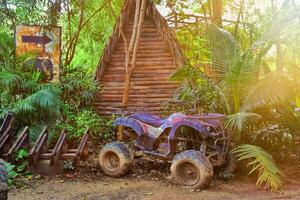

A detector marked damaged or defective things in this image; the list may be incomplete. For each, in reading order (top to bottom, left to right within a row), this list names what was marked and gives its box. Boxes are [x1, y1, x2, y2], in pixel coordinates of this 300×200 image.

rusted metal rack [0, 112, 89, 175]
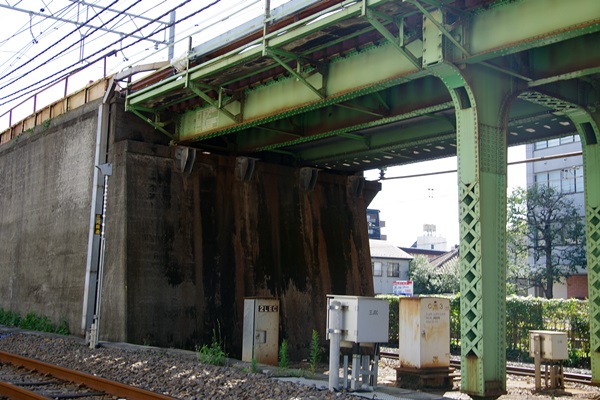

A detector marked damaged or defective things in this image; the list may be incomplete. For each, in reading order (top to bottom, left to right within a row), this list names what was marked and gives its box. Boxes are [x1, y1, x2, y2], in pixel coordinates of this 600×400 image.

rust-stained concrete wall [0, 101, 98, 332]
rust-stained concrete wall [102, 136, 376, 358]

WHAT THE TASK ASKS - Set out the material once more, exact in every line, with no images.

OUTPUT OF THE EXERCISE -
A detector marked damaged or defective things in this image; the list may be incomplete. For each, in reading order (top to bottom, left to right within a row), this list names what was marked and gives its box. Boxes are [x1, y1, x2, y2], in pixel coordinates of this 300×200 image.

rusted metal rack [0, 112, 89, 175]

A detector marked damaged or defective things in this image; the list may be incomplete. For each, in reading order (top to bottom, left to right within a row), this list names what was marked and gives its box. Boxes are [x1, y1, x2, y2], in pixel coordinates of this 600×400 image.

rust-stained concrete wall [0, 101, 98, 332]
rust-stained concrete wall [102, 136, 376, 358]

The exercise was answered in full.